2 Şubat 2011 Çarşamba

"Toprak bu enerjiyi nasıl kaldıracak?"


Fazla duygusal bir insanım ve bu özelliğimi fazla gizleyemiyorum maalesef.
Yayındaydık..saat 9.15 gibiydi. Başka bir kanalda geçen alt bandı görünce şoke olduk. Kanım çekildi, kafa derim gerildi, ellerim buz kesti. İnanamadım. İnanmak istemedim. Sanırım redderek alışacağım hayat dolu, enerji küpü Defne Joy Foster'ın bu dünyadan gidişine...

Ölüm kimseye yakışmaz. Ama böyle neşeli, zıpır, genç, komik bir insana çok çok uzak bir şeydi ölüm. O gitti...ardında ben de dahil gözüyaşlı milyonlarca insan bıraktı. Yemin ederim psikolojim bozuldu.

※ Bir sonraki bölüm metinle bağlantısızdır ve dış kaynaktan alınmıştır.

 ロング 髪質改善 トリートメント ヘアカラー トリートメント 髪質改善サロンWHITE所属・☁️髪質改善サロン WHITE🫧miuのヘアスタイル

Yayından sonra şirkete geçerken araçta sürekli ölümü düşündüm. Heran ölebileceğimizi... Dünyanın ne kadar saçma olduğunu. Sonra kızdım Defne'ye. Hayatını kaybettiği için... Dağılmıştım bi kere. Haberi duyup üzüldükten 10 dk sonra kahkahalar atabilen insanlar görünce sinirim ve üzüntüm kat be kat arttı.
Babamı aradım sonra. Çok sever Defne'yi, hatta oy atıyordu dans yarışmasında ona...Telefonda sesi çıkmıyordu pek, hatta ona bile kızdım içten içe, beklediğim kadar üzülmedi sanmıştım. Meğer bütün gün ağlamış benim duygusal babam. Ben de ona çekmişim işte.

Halen daha inanamıyorum, halen psikolojim bozuk. Sabah hayatını kaybetti ve yarın öğlen saatinde defnedilecek Defne... Ne kadar kolay bir insanı yollamak, unutmak, hayata devam etmek. Benim içinse çok zor, devam edemiyorum, takılıp kalıyorum.
3.5 yaşındaki bebeğini düşününce daha da kötü oluyorum. Hayat çok acımasız, çok ansızın, çok unutkan...

Bize yeterince neşe verdi bu hayatta, cennettekilerinde neşe kaynağı olacağına eminim... Hoşçakal deli kız.